Diego Gutiérrez  (born September 25, 1974) is a Cuban singer-songwriter. In 2018, Gutiérrez was nominated for his album Palante el Mambo! to the Latin Grammy Award for Best Tropical Fusion Album.

Early years 
Diego Gutiérrez was born in Ciego de Ávila, where he lived during his childhood and adolescence. His brothers taught him to play the guitar, being themselves self-taught, and soon he began to sing the Trova Tradicional Cuban classics and also the songs of the Nueva Trova movement. Since he was little he got the influences of Cuban country and popular music through the old vinyls listened at home, which marked his compositions to come.

He began to write his own songs at the Central University of Las Villas, where he found a powerful cultural movement which inspired and drove him to think seriously in developing his musical career, while studying English Language and Literature. First he got known by a growing audience through amateur musicians festivals, where he won several awards, and later through concerts and tours around his country.

Career 
In 1997, he founded together with other fellow troubadours in Santa Clara the site of singing-songwriting called La Trovuntivitis, based in El Mejunje. This is an iconic cultural Center in Cuba, from where new generations of musicians, singer-songwriters and artists have emerged. Also around the same year they all together founded the national festival of trovadours "Longina".

He has been invited to share the stage with well-known singer-songwriters from Cuba like Carlos Varela, David Torrens, Santiago Feliú among other important musicians and participated in a concert invited by Manu Chao, together with La Trovuntivitis, as part as a Cuban tour by this artist.

In 2006, Gutiérrez recorded his first studio album titled De cero  which received three nominations and two Cubadisco Awards.

He has participated as an invited musician in the World Festival of Youth and Students in Algiers (2001) and in Caracas (2005).

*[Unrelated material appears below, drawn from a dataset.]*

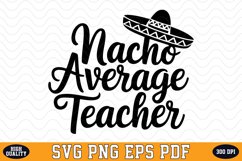 Nacho Average Teacher SVG | Quotes | SVG Cut files Product Image 1
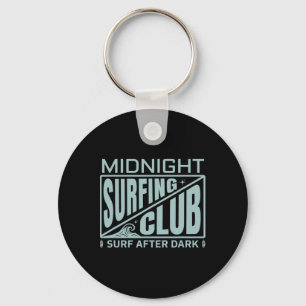 Surfers Midnight Surfing Club Surferleben Schlüsselanhänger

He was invited to the 2009 edition of Barnasants International singer-songwriters festival in Barcelona and later performed a series of concerts in Sevilla, Valencia and Madrid.

For his second studio album titled Palante el Mambo! he received a Cubadisco Award and a nomination to the Latin Grammy Awards in 2018.

In 2019, he launched his third studio release titled Piloto automático.

As a result of his work throughout the years putting into music the verses of various writers from Villa Clara, in 2021 Diego Gutiérrez released his more recent album Viaje al Centro de la Tierra.

Gutiérrez has brought his work to United States, Spain, United Kingdom, Argentina, Switzerland, Mexico, Venezuela , Cyprus, Uruguay, Algeria and Bolivia as a part of tours, festivals and concerts.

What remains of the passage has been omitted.